Billfish Republic said:


> New (to me) poling skiff. 14 ft with Johnson 25 tiller.


Congratulations! Looks like you have a great summer ahead of you!


----------



## makin moves (Mar 20, 2010)

That's a sweet ride!


----------



## permitchaser (Aug 26, 2013)

Cool skiff let's see some slim

Is that the Bay and Miami


----------



## Billfish Republic (Oct 22, 2015)

permitchaser said:


> Cool skiff let's see some slim
> 
> Is that the Bay and Miami


Thanks guys!

Thats the bay north of Palm Beach inlet.
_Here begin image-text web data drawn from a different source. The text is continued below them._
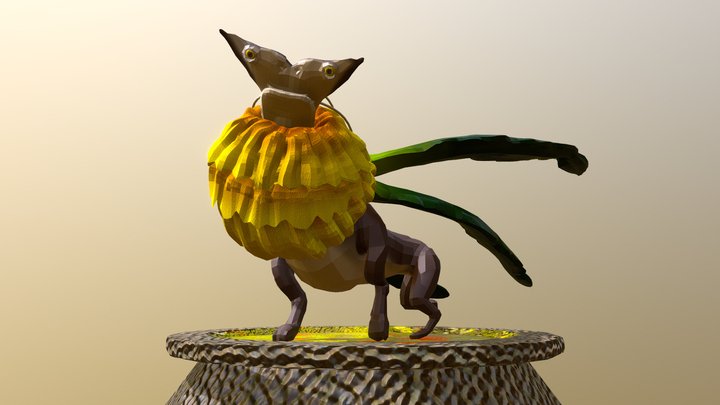 Fruitfly 3D Model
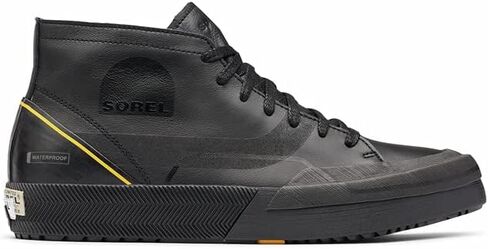 حذاء SOREL الرجالي Grit Sneaker Chukka WP - حذاء رياضي مقاوم للماء من الجلد السويدي in Kuwait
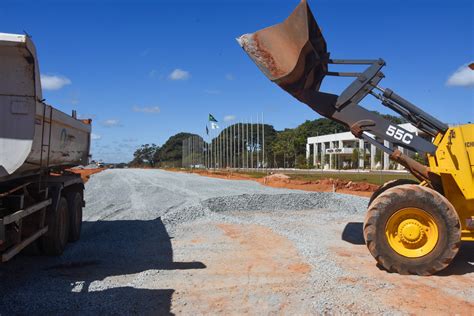 Seca Acelera O Ritmo Das Obras De Mobilidade No Setor Policial Jornal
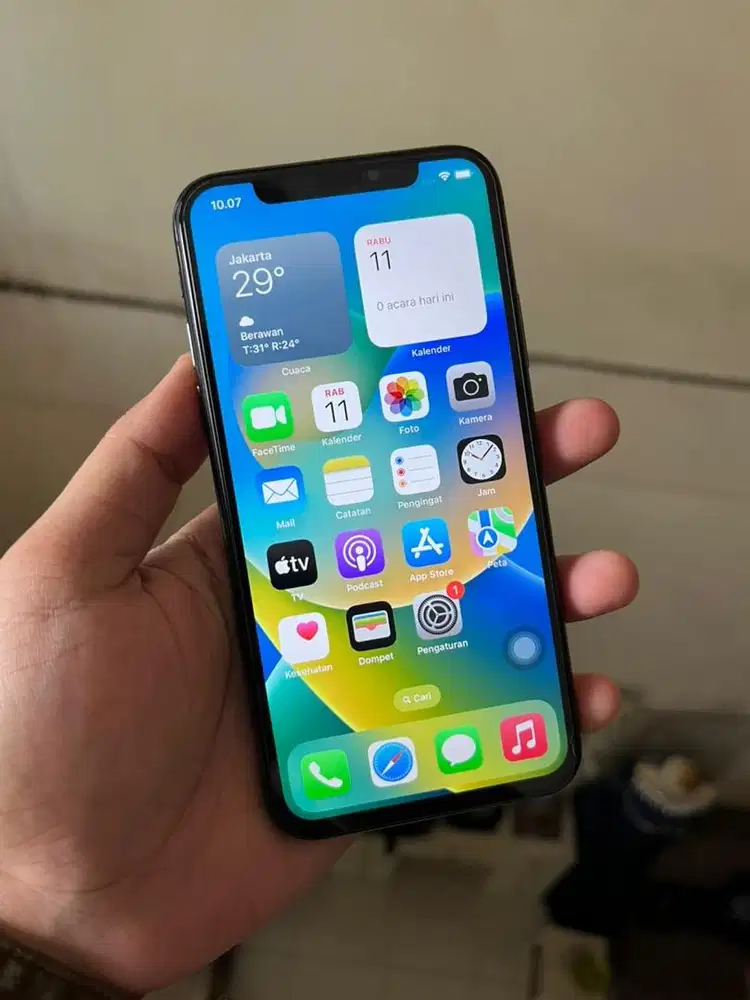 iPhone X 256GB EX INTER ALL OPERATOR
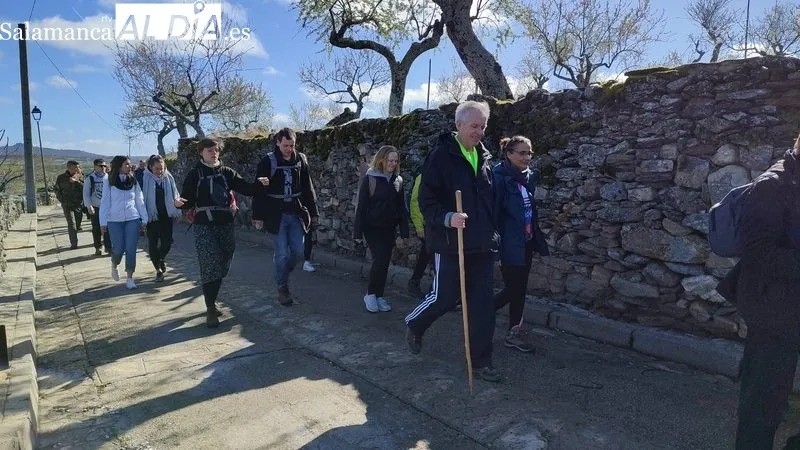 XXVI Marcha de senderismo en Vilvestre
Munion island.


----------



## Sublime (Oct 9, 2015)

Nice


----------



## Billfish Republic (Oct 22, 2015)




----------



## Billfish Republic (Oct 22, 2015)




----------



## sjrobin (Jul 13, 2015)

Cool old school light weight engine. Good find.


----------



## Lip Snatcher (May 1, 2016)

Nice congrats


----------



## LowHydrogen (Dec 31, 2015)

Tumblehome hull = awesome


----------



## el9surf (Dec 23, 2008)

Is that an aluminum hull? Cool boat!


----------